There is a man called Bill, who is getting a fair amount of credit just now in the Galway dressingroom. John O'Mahony won't reveal his name and the players just know him as Bill from Glasgow. Anyway, Bill take a bow.

"We just know him as Bill from Glasgow," says Savage. "He's been working with us all year and he deserves the most credit. He's a human resources manager. He speaks to us about getting our full potential out, about our belief in ourselves. He deserves credit for getting it out of us on the day. Every player has benefited."

It's invidious really to choose a man of the match on days like yesterday, when a team stitches together a performance of such uniform excellence that it dwarfs anything they have done before. Ja Fallon did the big profile trick, but the inscrutable Tomas Mannion submitted 70 minutes of good stuff, too.

For a man with a rugby career, an interprovincial hurling career and a reluctance for corner back play behind him, Mannion makes for an interesting subject.

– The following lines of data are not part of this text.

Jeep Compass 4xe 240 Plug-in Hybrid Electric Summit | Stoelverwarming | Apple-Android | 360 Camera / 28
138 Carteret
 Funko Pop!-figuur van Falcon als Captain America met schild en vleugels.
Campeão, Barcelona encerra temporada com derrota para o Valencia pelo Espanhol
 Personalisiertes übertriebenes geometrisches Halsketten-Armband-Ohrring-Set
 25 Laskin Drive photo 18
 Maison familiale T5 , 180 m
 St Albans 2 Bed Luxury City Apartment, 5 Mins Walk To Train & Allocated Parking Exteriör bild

"The funny thing about it is that I don't rate myself as a corner back at all. In Galway they reckon I'm alright, but I think I'm a better wing back, but on this team if you get on you try and make it your own."

As for the team, the bigger picture . . .

"I knew after last year, when we were beaten by Mayo in Tuam, we were close and we saw Mayo going on and they should have beaten Kerry in the final last year. We knew when we got the players back that we missed last year that we were good enough."

Mannion passes on through the mill. Ray Silke arrives. The media reach for fresh tapes. Ray talks fluently and cogently and if space permitted, he'd have a page to himself in most papers after matches.

"It was a bad half-time situation to be in," he says. "We regrouped, got back to what we should have been doing. Funny, I remember as John Divilly kicked the long ball early in the second half, I said `keep it down', then Michael Donnellan cut in and there was only going to be one result after that. The goal turned it.

"We were cool enough," says Silke. "To be fair Kildare were a bit surprised by the ferocity of our second-half performance. Sean O Domhnaill kicked a huge point for instance. I think he's on a roll, he should do the lotto numbers."

Silke's own game reflected that of his team. Period of struggle in the first half, uprising after the break.

"I felt under a fair bit of pressure with Dermot Earley. Christy Byrne fluffed a few kick-outs, but he got them anyway and I thought I should have got them. We were in trouble, but Martin Mac's accuracy from the kick-outs was a big thing. He found me with a short one which brought Niall Buckley out to the wing a bit more in the second half and then Mac was popping them to Kevin Walsh. For me the big difference in the second half was Jarlath Fallon and Kevin Walsh."

As All-Ireland wins go, yesterday's ranks as perhaps the biggest upset since Donegal mugged Dublin six years ago. The similarities were obvious. Galway had almost come into Croke Park under cover of darkness in comparison with Kildare's garish procession to the same destination.

"We were lucky coming into it because Kildare were being blown up by all the papers and bookies," says Martin MacNamara. "There was no pressure on us. We were coming up to do our best and maybe get away with an old win."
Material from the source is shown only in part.